» **ENTRIES SHOWN**:

---------------

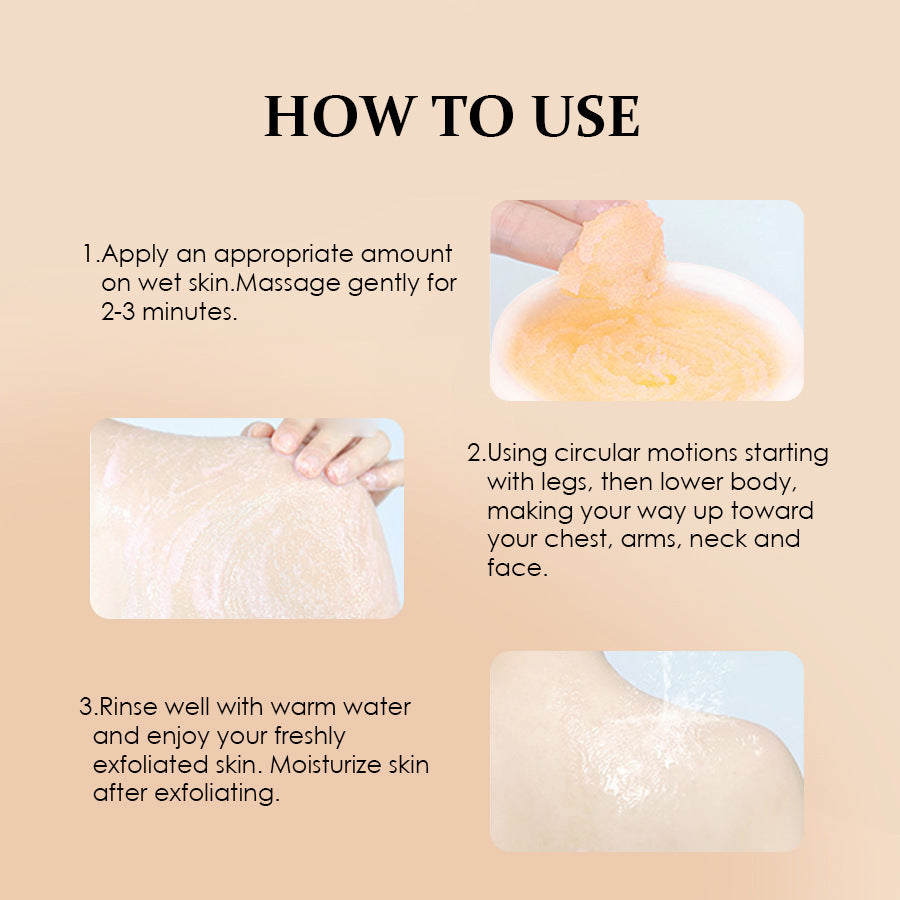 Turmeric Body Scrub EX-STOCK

---------------

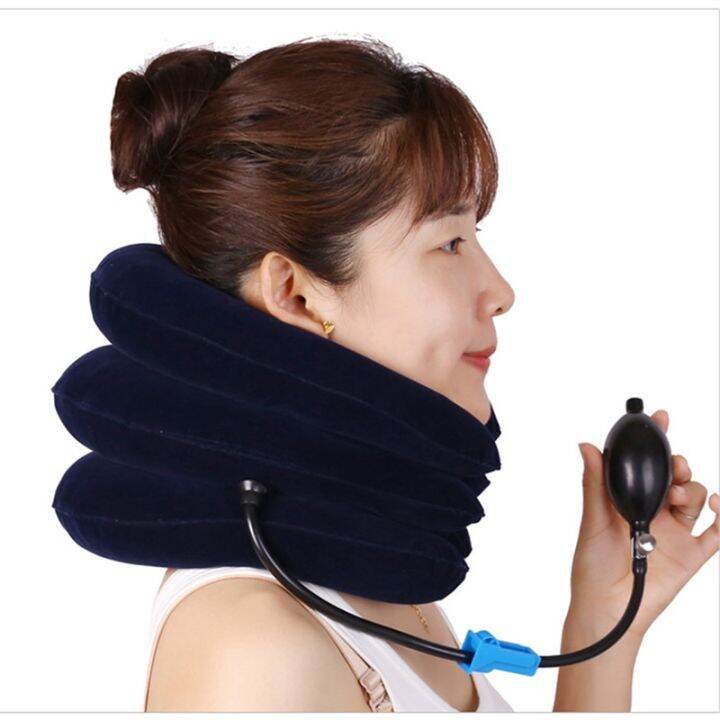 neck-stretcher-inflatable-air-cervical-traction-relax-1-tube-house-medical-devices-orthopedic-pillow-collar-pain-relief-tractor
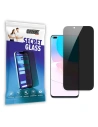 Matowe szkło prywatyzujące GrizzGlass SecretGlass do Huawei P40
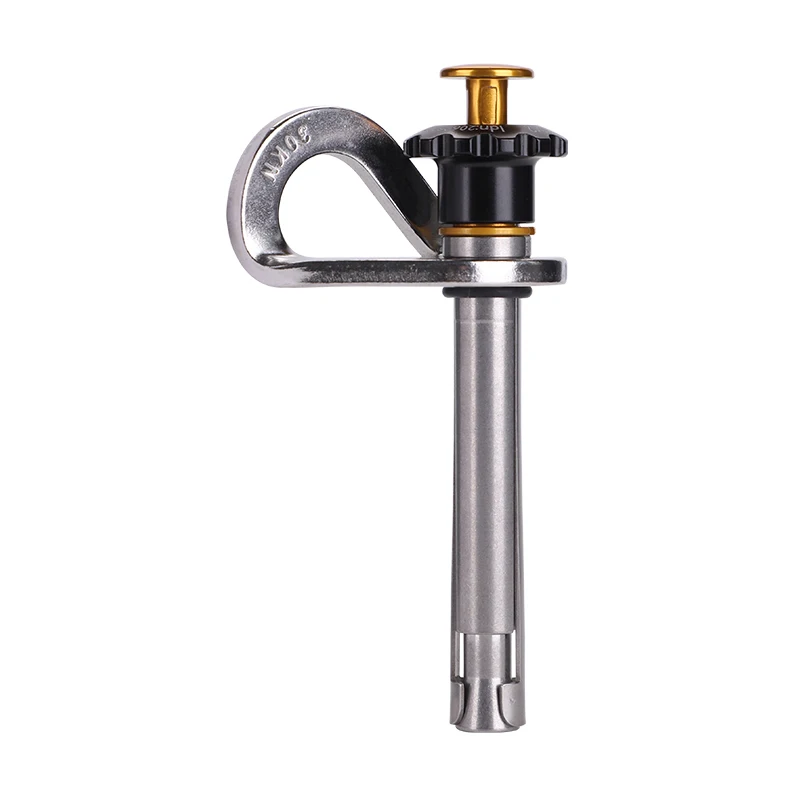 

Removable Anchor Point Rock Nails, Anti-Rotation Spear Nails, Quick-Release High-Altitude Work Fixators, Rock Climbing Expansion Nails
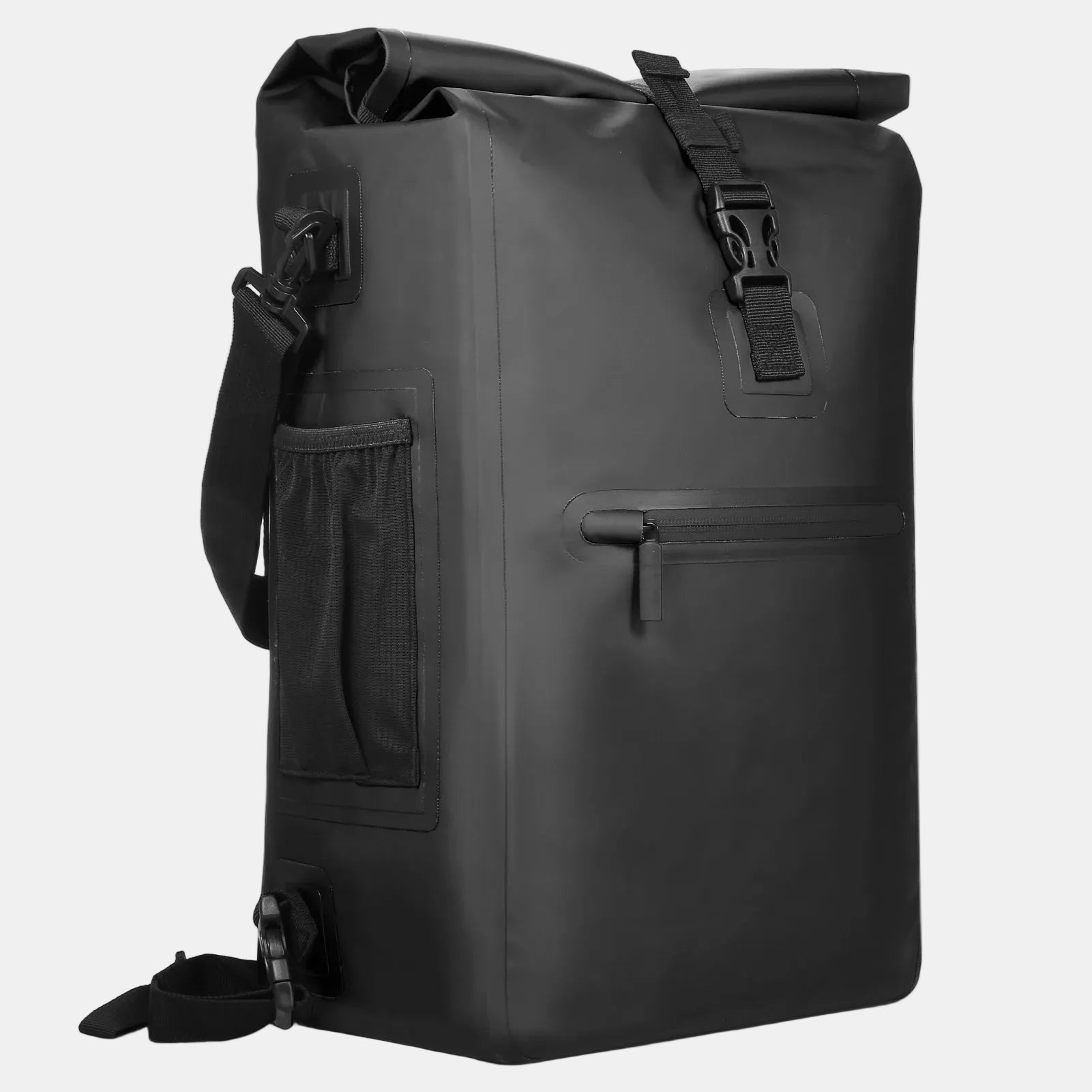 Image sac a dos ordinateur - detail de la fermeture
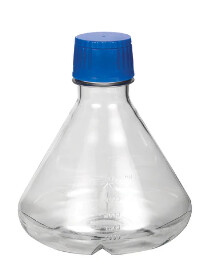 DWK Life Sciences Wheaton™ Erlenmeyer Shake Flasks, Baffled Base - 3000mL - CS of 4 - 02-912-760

---------------

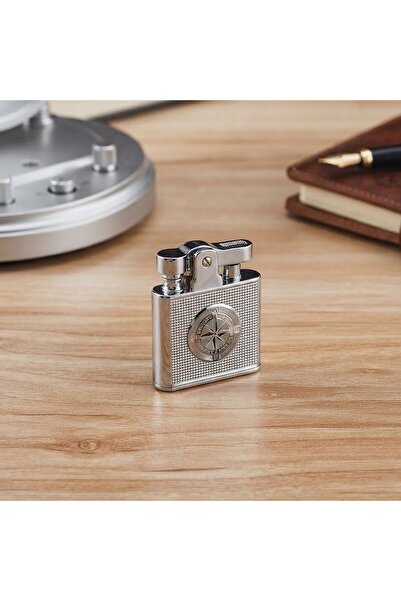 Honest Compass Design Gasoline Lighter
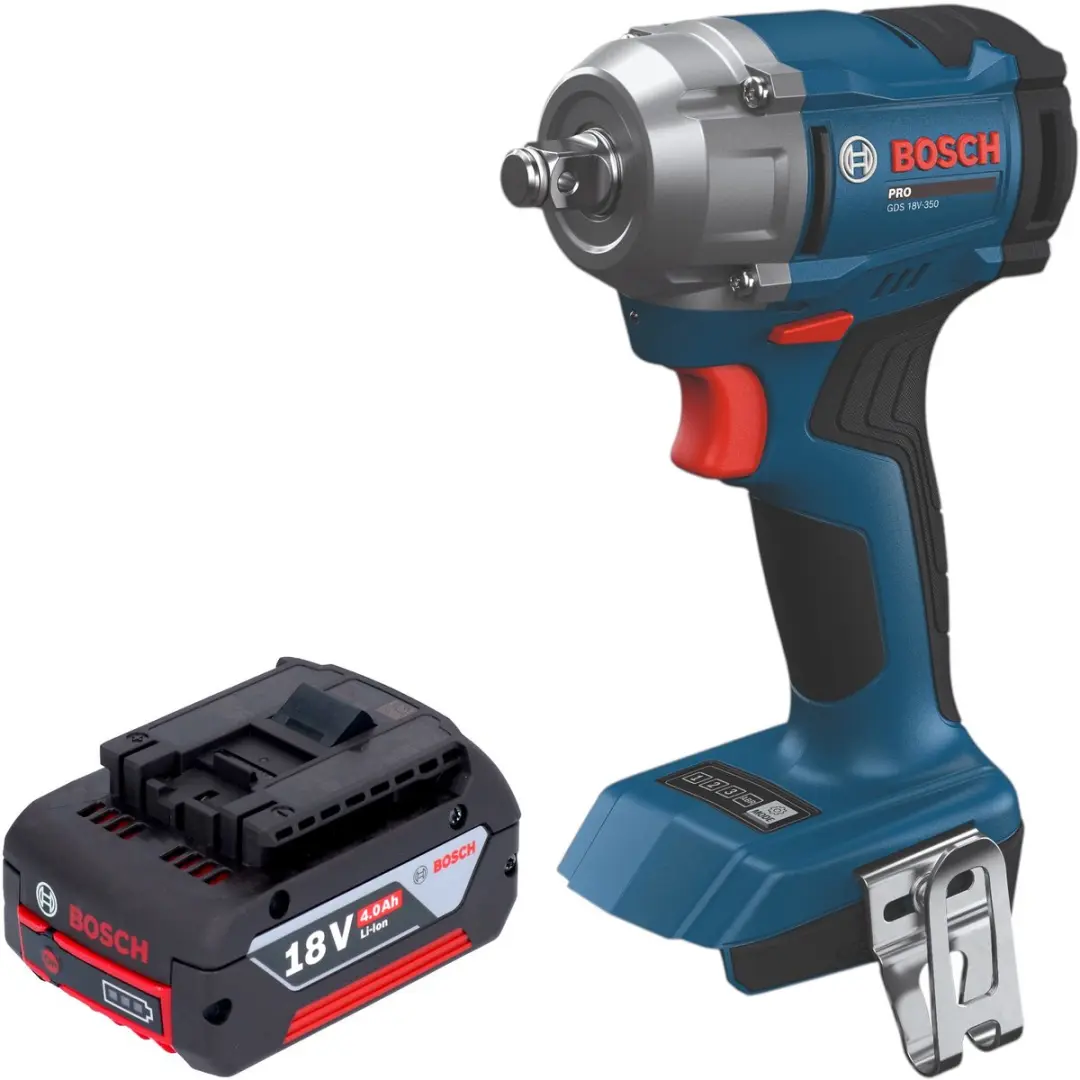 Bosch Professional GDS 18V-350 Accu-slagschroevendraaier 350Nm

---------------

» **WHAT THE EXERCISE ASKS**:
Look above for the line with "Honest Compass Design Gasoline Lighter", then print it and each line after it down to and including the line with "Bosch Professional GDS". Leave out the pictures and keep the wording exact.

» **RESPONSE AREA**:
 Honest Compass Design Gasoline Lighter
 Bosch Professional GDS 18V-350 Accu-slagschroevendraaier 350Nm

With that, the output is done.